Let’s take the training example.
Later, when Bush was asked about his criteria for bringing home
American troops from Iraq, he responded, “[T]he best way for Iraq to
be safe and secure is for Iraqi citizens to be trained to do the job.
And that’s what we're doing. We’ve got 100,000 trained now,
125,000 by the end of this year, 200,000 by the end of next year.”
Alright, so one would expect Kerry to retort about how these
numbers are inadequate, right? Nope. Kerry instead argued that “our troops have been left on
these extraordinarily difficult missions” without enough backup,
leaving “a sense of American occupation” that may never end.
Bush laid out the numbers as to what was going on in the training
area and Kerry could have shown us what a “better job” entails.
But he didn’t. Perhaps
that was an opportunity wasted, but it’s more likely that Kerry
didn’t have a big point to make anyway.
When asked about homeland security, Kerry asked, “[W]hat kind
of mixed message does it send when you have $500 million going over to
Iraq to put police officers in the streets of Iraq, and the president is
cutting the COPS program in America?”
So the president is pushing the training of Iraqis satisfactorily
after all. But Kerry can
claim “we can do a better job” because, magically, he says he can do
it. More Iraqi forces will
fall from the sky or something. Ta-da! In
fact, Saturday Night Live parodied Kerry’s approach in the last show
by having the SNL Kerry repeatedly announce, “And I have a plan,” at
the end of his answer, and then sitting down.
On
the Bush side, Kerry and Edwards have been making good use of the
general malaise that Americans have been feeling towards the situation
in Iraq, but in the debates Bush has done most of the damage to himself
by managing a woefully weak defense for his decisions.
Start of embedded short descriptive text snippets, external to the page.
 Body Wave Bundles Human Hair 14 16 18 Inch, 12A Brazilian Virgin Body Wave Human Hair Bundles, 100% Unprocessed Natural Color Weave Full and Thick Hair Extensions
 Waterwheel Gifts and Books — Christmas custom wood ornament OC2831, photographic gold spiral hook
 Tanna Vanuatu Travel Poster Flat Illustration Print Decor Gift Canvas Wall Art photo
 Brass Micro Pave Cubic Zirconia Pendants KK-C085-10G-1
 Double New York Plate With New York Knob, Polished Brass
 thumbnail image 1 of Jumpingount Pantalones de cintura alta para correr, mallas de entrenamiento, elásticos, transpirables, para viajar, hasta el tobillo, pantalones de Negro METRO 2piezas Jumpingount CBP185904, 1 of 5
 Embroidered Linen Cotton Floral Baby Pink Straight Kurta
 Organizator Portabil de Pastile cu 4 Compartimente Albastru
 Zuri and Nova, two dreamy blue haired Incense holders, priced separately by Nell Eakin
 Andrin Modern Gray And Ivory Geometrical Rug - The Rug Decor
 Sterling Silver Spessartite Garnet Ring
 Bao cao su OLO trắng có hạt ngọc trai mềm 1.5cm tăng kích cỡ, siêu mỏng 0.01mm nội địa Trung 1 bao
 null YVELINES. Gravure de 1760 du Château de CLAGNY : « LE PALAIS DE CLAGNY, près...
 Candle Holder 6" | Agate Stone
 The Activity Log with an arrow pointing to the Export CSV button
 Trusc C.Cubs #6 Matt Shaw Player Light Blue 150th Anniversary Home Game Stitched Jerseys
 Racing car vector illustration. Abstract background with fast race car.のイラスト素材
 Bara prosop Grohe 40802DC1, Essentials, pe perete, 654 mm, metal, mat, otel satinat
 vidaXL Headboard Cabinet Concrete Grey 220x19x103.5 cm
His explanation for the recent difficulties and
possible missteps has been to remind everyone that this is “hard
work.” That’s not good
enough. When dealing with the Duelfer report that cited no
evidence that Iraq had weapons of mass destruction, Bush argued that
“what Saddam Hussein was doing was trying to get rid of sanctions so
he could reconstitute a weapons program.”
But that also means that continued sanctions could have worked,
too. With
any complicated mission like Iraq, there are a million decisions that
can always be second-guessed with the benefit of hindsight.
When those questions arise, it is imperative for those in charge
to be able to articulate why a particular decision was made and how the
information at the time compelled that decision.
If the other side thinks another decision was better, it behooves
them to make that case from the same vantage point.
But Bush’s mantra that America needs a strong, steady president
to win the war on terror doesn’t help him if he’s not adequately
defending the decisions he’s made.
It’s enough to make a supporter of the war, like
me, wonder whether Bush has the insight and leadership to make things
work out. The
result has been that Bush looks like a bumbler, and that gives Kerry a
free pass with his magic wand. When
you aren’t doing a good job defending your own policies, the other
side doesn’t need to offer much more than promises to attract voters.